For a nonlinear problem like (4) and (5), called a primal problem, under certain conditions, the primal and dual problems have the same objective values. Therefore, we can solve the dual problem which may be easier than the primal problem. In particular, when working in feature space (Sect. 2.3) solving the dual may be the only way to train the SVM. By substituting (8) into (6), one eliminates the primal variables and arrives at the Wolfe dual (Wolfe 1961) of the optimization problem for the multipliers α_i:

$$ { \begin{array}{cc}\underset{\boldsymbol{\upalpha}}{\operatorname{Max}}& \end{array}}\sum \limits_{i=1}^n{\alpha}_i-\frac{1}{2}\sum \limits_{i,j=1}^n{\alpha}_i{\alpha}_j{y}_i{y}_j\left({\mathbf{x}}_i\cdot {\mathbf{x}}_j\right) $$

(10)

$$ \mathrm{Subject}\ \mathrm{to}{ \begin{array}{cc}& {\alpha}_i\ge 0,\begin{array}{cc}& i=1,\dots, n,\end{array}\end{array}}{\begin{array}{cc}& \sum \limits_{i=1}^n{\alpha}_i{y}_i=0\end{array}} $$

(11)

The hyperplane decision function (2) can now be explicitly written as

$$ f\left(\mathbf{x}\right)=\kern0.5em \operatorname{sign}\left(\sum_{i=1}^n{\alpha}_i{y}_i\left(\mathbf{x}\cdot {\mathbf{x}}_i\right)+b\right) $$

(12)

where b is computed from (9) and from the set of support vectors x_i, i ∈ I ≡ {i : α_i ≠ 0}.

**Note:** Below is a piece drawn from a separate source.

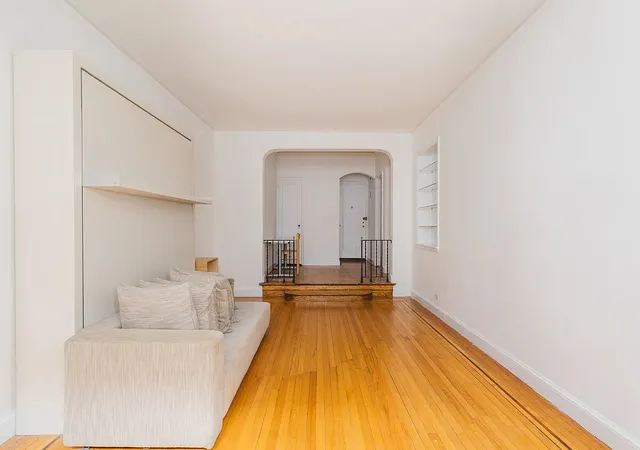 Listing Photo 4 - Condo for sale in building located at 25 Minetta Ln, New York City, NY 10012 - Unit #1F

$$ b=\frac{1}{\left|I\right|}\sum \limits_{i\in I}\left({y}_i-\sum \limits_{j=1}^n{\alpha}_j{y}_j\left({\mathbf{x}}_i\cdot {\mathbf{x}}_j\right)\right) $$

(13)

2.2 The Kernel Trick

The choice of linear classifier functions seems to be very limited (i.e., likely to underfit the data). Fortunately, it is possible to have both linear models and a very rich set of nonlinear decision functions by using the kernel trick (Cortes and Vapnik 1995) with maximum-margin hyperplanes. Using the kernel trick for SVM makes the maximum-margin hyperplane be fit in a feature space F. The feature space F is a nonlinear map Φ : R^N → F from the original input space, usually of much higher dimensionality than the original input space. With the kernel trick, the same linear algorithm is worked on the transformed data (Φ(x₁), y₁), …, ((Φ(x_n), y_n)). In this way, nonlinear SVMs can make the maximum-margin hyperplane fit in a feature space. Figure 2 demonstrates such a case. In the original (linear) training algorithm (10), (11), and (12) the data appears in the form of dot products x_i ⋅ x_j. Now, the training algorithm depends on the data through dot products in F, i.e., on functions of the form Φ(x_i) ⋅ Φ(x_j). If there exists a kernel function K such that K(x_i, x_j) = Φ(x_i) ⋅ Φ(x_j), we would only need to use K in the training algorithm and would never need to explicitly even know what Φ is.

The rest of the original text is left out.